Tylko cud mógłby sprawić, że zaplanowana na sobotę inauguracja piłkarskiej wiosny w Lublinie odbędzie się. Drużyna z Ostrowca Świętokrzyskiego praktycznie nie istnieje. Motor może zdobyć trzy punkty walkowerem.
Od kilku tygodni nie są prowadzone treningi. Drużyna nie rozegrała żadnego meczu kontrolnego, bo wszystkie zostały odwołane ze względu na brak kadry. Większość zawodników rozwiązała kontrakty i odeszła. W klubie nie ma prezesa, jest tylko zarządca, który jednak nie może podejmować żadnych wiążących decyzji.
Dziś ma zapaść ostateczna decyzja, czy KSZO przyjedzie do Lublina. Mimo, że do meczu zostało bardzo niewiele to ostrowiecki klub wciąż nie wystosował oficjalnego komunikatu w tej sprawie. Nieoficjalnie mówi się, że chciałby zagrać w Lublinie nawet juniorami, byle uniknąć trzeciego walkowera, co oznacza automatyczne wycofanie z rozgrywek i degradację dwie klasy niżej.
Pojawiły się też informacje, że na wniosek KSZO spotkanie może zostać przełożone, bo w następnej kolejce drużyna pauzuje. Byłoby więc więcej czasu na uregulowanie spraw organizacyjno-finansowych. Ale prowadzący rozgrywki PZPN do wczoraj nie otrzymał z Ostrowca żadnego pisma w tej sprawie. – Dlatego nie ma tematu – mówi Wojciech Jugo, szef Wydziału Gier PZPN.
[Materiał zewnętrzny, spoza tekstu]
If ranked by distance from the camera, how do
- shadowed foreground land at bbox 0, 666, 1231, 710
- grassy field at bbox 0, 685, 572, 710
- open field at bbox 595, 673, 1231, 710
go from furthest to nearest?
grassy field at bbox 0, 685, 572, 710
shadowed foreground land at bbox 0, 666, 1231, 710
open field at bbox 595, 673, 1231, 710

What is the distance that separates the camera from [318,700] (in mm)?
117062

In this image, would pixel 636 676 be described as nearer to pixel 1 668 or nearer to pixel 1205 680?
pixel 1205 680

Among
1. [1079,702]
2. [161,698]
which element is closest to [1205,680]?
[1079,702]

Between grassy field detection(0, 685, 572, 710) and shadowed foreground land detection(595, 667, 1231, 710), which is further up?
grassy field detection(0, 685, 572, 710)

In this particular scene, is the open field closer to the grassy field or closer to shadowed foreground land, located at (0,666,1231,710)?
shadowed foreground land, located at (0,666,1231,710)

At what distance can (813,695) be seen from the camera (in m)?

Jeden z udziałowców KSZO przyznaje jednak wprost: Na 99 procent nie pojedziemy na mecz z Motorem. W tej sytuacji „żółto-biało-niebiescy” zainaugurują wiosnę prawdopodobnie dopiero 24 marca, wyjazdowym spotkaniem z Wigrami Suwałki. Dobra wiadomość dla kibiców Motoru jest taka, że zagra w nim Rafał Niżnik, który pod koniec tego tygodnia powinien wrócić do treningów.
– Uraz podczas sparingu z Pogonią okazał się nie taki groźny jak przypuszczaliśmy, na szczęście to tylko rozcięcie – mówi Siergiej Michajłow, kierownik Motoru.